Segment Open

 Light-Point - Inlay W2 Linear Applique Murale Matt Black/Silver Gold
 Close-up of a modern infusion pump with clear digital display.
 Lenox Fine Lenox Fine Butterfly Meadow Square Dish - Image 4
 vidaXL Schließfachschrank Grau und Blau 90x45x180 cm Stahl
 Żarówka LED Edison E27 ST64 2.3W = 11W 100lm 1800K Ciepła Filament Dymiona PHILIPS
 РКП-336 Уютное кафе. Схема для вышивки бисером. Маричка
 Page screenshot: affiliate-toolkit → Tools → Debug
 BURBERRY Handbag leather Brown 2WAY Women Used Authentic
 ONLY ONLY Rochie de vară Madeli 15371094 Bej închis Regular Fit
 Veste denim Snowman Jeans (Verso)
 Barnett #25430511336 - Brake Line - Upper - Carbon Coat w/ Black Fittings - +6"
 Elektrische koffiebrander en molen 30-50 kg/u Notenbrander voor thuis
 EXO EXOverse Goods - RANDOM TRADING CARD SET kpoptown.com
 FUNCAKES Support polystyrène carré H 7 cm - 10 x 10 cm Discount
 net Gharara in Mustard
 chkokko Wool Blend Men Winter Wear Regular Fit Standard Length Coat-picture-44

Segment Closed

**Task item**
Look through the records and gather every line containing "Regular".

**Answer to the exercise**
 ONLY ONLY Rochie de vară Madeli 15371094 Bej închis Regular Fit
 chkokko Wool Blend Men Winter Wear Regular Fit Standard Length Coat-picture-44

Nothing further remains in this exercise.